We learned this the hard way

We ported patterns from a successful autonomous coding system—the dev-machine bundle, which had built a 166K-line TypeScript word processor across 692 features and 255 sessions. The port looked right on paper.

Before

Review loop couldn't converge—oscillated endlessly, finding new P0 issues on every pass.

Required human intervention every time.

→

Investigation

Single-agent investigation produced analysis that seemed reasonable but was incomplete. Couldn't tell us why the convergence failed.
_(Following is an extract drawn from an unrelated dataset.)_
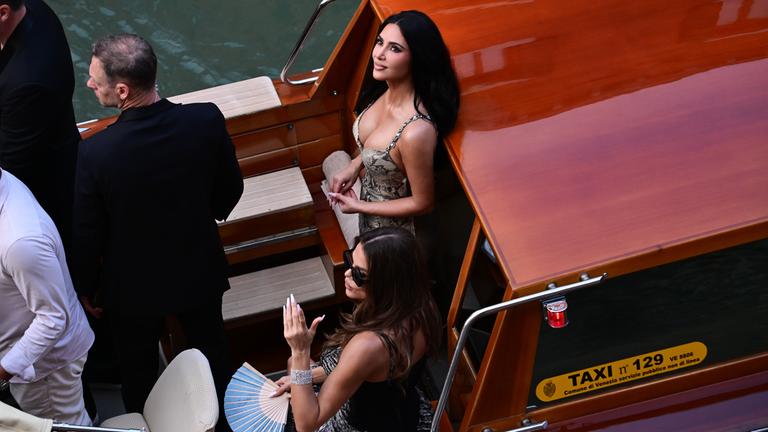 Kim und Khloé Kardashian auf einem Boot.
"Send multiple agents independently. Use their disagreements as signal. Then challenge everything with execution."

The Parallax Insight

In astronomy, parallax determines a star's true position by observing it from multiple vantage points. The apparent shift between observations reveals the actual distance.

Agreements confirm

When independent agents arrive at the same finding from different angles, confidence is high. This is corroboration through isolation.

Disagreements reveal

When agents find different things, that's not a problem to resolve—it's a priority to investigate. Discrepancies are signal, not failure.

"Where there are discrepancies, send an independent party of investigative agents to go trace actual code… in fact, send multiple independent parties for the same value of not counting on/trusting just one."

The Three-Wave Funnel

Each wave is more targeted and more rigorous than the last, informed by the discrepancies from the wave before it.
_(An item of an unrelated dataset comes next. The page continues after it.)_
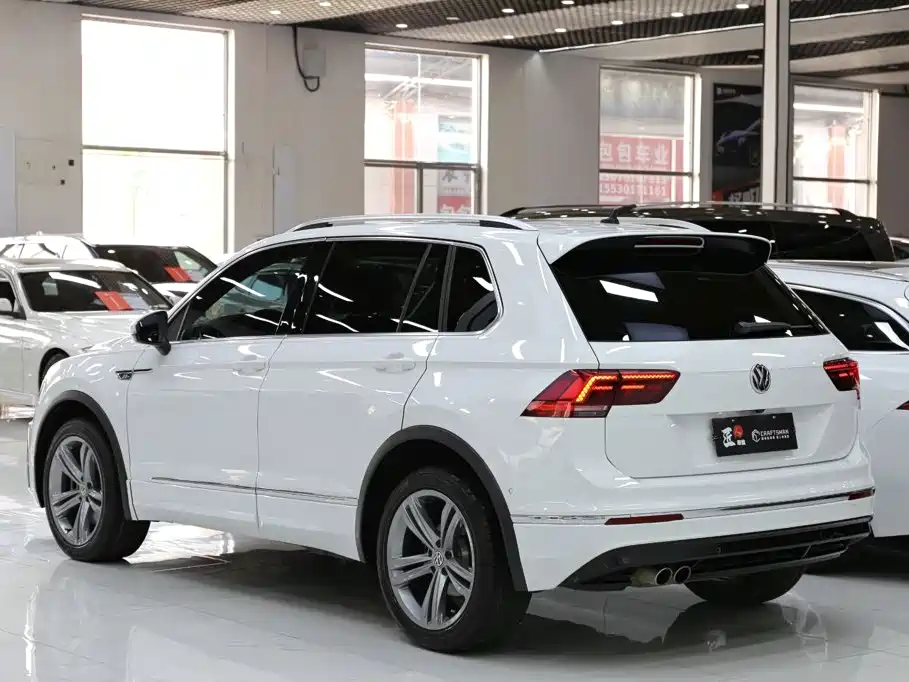 Volkswagen Tiguan — фото 20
Wave 1: Discovery Broad, triplicate. 3 independent agents per topic. Fresh context. Cast a wide net. Output: 75+ artifact files, reconciliation with discrepancies.

▲ Approval Gate — human reviews & steers Wave 2

Wave 2: Verification Focused, expert. Targeted code-level deep dives on specific discrepancies. 1 expert per discrepancy. File:line evidence required.

▲ Approval Gate — human reviews & steers Wave 3

Wave 3: Adversarial Execution-based. Challenge claims with actual code execution. Write test scripts. Run them. Verdicts: CONFIRMED / REFUTED / CORRECTED.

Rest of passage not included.